Required work – Once the line containing "Full length portrait" is found in the entries below, reproduce it and every line after it, stopping at and including the line containing "German President Joachim"; reproduce nothing else, and keep each line exact.

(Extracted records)
-------

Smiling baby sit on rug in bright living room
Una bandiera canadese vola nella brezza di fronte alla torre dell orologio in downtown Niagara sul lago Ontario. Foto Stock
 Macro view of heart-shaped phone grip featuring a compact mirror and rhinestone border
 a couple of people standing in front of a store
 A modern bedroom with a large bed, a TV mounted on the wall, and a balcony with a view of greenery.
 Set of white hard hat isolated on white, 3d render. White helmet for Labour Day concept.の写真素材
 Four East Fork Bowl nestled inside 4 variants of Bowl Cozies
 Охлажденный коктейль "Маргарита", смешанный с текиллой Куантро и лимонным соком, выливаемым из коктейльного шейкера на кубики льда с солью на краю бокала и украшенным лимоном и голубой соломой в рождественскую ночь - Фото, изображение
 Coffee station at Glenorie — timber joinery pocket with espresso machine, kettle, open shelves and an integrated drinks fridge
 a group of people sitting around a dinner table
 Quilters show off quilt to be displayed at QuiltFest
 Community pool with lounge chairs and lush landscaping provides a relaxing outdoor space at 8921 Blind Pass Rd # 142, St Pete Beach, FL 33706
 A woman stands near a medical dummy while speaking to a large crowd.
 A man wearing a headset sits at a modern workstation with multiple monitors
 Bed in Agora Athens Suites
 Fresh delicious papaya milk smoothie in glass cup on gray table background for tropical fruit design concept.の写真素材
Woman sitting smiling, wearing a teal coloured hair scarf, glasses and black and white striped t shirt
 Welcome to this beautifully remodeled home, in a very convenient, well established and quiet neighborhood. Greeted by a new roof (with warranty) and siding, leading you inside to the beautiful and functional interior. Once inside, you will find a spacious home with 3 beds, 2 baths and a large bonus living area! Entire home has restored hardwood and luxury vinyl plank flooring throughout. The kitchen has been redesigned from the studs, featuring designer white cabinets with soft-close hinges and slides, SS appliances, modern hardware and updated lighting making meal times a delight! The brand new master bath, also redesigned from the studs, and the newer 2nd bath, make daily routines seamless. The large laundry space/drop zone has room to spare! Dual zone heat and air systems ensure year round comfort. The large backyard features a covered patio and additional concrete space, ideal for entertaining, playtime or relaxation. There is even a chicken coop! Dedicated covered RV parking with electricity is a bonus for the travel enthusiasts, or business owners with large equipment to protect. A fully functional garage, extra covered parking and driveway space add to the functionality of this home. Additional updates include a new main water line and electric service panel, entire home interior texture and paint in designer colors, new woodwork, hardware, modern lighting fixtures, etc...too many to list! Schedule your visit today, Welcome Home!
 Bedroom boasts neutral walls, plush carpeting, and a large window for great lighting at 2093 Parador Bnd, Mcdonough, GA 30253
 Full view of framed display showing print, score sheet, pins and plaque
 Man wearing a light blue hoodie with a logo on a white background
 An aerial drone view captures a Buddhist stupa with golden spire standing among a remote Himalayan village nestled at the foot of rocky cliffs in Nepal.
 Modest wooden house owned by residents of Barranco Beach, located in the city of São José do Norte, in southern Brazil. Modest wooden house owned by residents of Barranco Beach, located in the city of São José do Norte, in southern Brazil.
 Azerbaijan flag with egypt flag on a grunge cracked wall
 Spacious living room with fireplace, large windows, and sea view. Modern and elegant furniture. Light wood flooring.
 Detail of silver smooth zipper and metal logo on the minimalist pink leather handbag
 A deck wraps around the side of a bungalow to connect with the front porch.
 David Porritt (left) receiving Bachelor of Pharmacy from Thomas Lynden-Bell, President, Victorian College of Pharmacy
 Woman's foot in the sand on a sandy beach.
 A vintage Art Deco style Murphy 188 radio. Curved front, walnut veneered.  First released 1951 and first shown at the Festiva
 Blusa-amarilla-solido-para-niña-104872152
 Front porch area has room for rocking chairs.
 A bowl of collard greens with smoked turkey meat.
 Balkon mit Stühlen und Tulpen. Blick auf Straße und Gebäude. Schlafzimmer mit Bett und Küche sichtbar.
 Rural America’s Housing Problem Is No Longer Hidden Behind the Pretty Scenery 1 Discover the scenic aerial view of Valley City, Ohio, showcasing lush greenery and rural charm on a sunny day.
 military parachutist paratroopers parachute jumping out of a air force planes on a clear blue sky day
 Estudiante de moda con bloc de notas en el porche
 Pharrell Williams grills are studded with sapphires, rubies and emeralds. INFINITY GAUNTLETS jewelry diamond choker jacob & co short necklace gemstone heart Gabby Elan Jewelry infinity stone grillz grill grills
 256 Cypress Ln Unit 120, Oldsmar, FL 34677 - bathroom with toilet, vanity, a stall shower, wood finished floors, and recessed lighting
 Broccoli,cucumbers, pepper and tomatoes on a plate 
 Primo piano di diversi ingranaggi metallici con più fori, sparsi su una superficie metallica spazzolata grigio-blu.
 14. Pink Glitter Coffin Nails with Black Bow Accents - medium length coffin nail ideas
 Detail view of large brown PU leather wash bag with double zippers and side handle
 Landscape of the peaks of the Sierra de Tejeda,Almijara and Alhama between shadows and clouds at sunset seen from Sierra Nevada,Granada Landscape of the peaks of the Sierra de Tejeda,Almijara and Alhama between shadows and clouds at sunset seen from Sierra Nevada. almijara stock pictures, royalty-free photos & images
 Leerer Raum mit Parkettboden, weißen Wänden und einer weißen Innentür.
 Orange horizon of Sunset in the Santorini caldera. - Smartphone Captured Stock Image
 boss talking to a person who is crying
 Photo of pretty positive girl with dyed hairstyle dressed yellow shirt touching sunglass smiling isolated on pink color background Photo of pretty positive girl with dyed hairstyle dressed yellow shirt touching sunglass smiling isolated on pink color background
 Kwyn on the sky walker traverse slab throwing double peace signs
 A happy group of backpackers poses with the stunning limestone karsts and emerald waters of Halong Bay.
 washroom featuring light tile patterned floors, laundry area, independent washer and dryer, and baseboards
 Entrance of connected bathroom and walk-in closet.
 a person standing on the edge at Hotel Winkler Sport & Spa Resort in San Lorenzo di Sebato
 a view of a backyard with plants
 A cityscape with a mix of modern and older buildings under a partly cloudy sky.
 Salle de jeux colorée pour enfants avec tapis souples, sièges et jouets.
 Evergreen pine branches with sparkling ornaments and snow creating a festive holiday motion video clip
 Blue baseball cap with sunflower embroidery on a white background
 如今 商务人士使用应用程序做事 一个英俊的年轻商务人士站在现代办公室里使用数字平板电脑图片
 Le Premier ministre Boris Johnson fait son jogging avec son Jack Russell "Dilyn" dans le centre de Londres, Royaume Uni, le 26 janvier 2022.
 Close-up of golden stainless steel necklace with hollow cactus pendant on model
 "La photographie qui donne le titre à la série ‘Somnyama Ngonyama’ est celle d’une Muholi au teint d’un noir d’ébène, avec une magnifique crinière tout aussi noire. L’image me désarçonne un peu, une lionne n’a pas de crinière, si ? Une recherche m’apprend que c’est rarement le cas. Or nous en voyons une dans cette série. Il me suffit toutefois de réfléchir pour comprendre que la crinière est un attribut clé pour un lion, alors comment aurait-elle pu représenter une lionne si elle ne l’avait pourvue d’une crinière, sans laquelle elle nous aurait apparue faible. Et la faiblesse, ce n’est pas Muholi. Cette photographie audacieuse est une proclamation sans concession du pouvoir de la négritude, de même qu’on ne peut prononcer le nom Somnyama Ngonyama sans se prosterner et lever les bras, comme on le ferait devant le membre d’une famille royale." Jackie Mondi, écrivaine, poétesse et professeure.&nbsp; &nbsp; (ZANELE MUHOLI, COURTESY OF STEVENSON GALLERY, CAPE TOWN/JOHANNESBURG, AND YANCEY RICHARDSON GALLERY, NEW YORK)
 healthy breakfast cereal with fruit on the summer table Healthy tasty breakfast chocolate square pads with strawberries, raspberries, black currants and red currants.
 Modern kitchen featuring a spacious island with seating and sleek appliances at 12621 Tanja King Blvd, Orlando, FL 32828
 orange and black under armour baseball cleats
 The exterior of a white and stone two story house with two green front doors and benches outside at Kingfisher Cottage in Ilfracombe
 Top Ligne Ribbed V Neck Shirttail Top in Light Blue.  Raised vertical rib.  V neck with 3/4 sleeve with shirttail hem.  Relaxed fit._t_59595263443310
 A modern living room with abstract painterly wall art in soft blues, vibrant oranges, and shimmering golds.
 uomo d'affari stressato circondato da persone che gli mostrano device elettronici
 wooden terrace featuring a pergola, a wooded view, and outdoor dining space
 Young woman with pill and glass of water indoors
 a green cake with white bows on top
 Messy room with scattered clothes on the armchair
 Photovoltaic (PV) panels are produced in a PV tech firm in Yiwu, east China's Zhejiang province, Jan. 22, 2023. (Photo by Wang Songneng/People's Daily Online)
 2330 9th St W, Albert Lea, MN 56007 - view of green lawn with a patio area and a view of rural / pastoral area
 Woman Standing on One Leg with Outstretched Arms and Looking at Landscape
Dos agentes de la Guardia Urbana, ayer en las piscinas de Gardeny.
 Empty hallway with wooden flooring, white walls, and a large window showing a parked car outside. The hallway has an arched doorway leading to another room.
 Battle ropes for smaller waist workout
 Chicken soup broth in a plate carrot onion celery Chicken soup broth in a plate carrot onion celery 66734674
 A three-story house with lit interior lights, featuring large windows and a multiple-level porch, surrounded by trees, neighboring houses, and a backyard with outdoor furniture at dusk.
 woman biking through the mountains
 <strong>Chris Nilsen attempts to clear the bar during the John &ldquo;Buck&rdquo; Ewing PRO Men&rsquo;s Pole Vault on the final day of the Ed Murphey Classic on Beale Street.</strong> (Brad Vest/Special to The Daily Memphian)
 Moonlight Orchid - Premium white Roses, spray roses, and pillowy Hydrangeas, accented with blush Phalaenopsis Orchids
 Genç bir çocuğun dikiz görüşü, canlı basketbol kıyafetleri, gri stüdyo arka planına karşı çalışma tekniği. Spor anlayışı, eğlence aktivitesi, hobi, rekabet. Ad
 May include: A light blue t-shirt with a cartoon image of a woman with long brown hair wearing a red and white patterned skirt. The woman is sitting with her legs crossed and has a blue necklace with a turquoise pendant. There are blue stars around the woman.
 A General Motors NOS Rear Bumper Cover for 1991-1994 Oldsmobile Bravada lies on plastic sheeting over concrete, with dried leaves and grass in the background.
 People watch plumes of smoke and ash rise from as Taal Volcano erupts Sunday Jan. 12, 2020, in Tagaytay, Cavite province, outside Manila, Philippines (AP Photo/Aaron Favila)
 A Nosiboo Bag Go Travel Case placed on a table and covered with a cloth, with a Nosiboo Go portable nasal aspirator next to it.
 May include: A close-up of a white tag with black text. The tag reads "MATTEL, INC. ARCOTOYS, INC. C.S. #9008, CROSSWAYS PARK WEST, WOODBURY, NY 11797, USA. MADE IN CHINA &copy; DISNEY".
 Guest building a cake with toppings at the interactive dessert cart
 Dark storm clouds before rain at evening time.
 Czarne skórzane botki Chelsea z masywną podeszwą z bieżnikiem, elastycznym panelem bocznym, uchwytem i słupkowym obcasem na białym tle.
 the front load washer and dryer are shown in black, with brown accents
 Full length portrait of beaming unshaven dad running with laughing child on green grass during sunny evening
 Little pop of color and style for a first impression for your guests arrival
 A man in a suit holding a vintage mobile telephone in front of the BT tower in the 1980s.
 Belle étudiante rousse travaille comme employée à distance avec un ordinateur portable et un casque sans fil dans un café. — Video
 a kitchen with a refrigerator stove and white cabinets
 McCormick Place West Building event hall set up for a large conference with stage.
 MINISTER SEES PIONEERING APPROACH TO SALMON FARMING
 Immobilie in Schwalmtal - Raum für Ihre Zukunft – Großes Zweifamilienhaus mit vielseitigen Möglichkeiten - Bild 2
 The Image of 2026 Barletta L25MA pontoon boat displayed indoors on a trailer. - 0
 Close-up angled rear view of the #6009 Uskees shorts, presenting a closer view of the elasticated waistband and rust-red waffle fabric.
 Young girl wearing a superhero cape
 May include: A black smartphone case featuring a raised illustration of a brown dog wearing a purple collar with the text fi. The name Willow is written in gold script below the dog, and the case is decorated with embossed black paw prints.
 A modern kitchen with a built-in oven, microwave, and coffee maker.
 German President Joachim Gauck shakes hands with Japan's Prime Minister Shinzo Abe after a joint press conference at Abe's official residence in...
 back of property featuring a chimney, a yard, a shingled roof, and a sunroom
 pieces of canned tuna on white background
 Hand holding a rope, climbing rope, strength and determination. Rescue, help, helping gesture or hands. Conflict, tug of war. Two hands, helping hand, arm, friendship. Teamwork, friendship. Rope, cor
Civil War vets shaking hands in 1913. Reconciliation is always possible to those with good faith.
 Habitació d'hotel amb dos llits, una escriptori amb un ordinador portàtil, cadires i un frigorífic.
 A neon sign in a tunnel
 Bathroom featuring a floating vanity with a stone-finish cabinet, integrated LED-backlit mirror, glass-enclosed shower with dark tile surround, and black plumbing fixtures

-------

Answer space –
 Full length portrait of beaming unshaven dad running with laughing child on green grass during sunny evening
 Little pop of color and style for a first impression for your guests arrival
 A man in a suit holding a vintage mobile telephone in front of the BT tower in the 1980s.
 Belle étudiante rousse travaille comme employée à distance avec un ordinateur portable et un casque sans fil dans un café. — Video
 a kitchen with a refrigerator stove and white cabinets
 McCormick Place West Building event hall set up for a large conference with stage.
 MINISTER SEES PIONEERING APPROACH TO SALMON FARMING
 Immobilie in Schwalmtal - Raum für Ihre Zukunft – Großes Zweifamilienhaus mit vielseitigen Möglichkeiten - Bild 2
 The Image of 2026 Barletta L25MA pontoon boat displayed indoors on a trailer. - 0
 Close-up angled rear view of the #6009 Uskees shorts, presenting a closer view of the elasticated waistband and rust-red waffle fabric.
 Young girl wearing a superhero cape
 May include: A black smartphone case featuring a raised illustration of a brown dog wearing a purple collar with the text fi. The name Willow is written in gold script below the dog, and the case is decorated with embossed black paw prints.
 A modern kitchen with a built-in oven, microwave, and coffee maker.
 German President Joachim Gauck shakes hands with Japan's Prime Minister Shinzo Abe after a joint press conference at Abe's official residence in...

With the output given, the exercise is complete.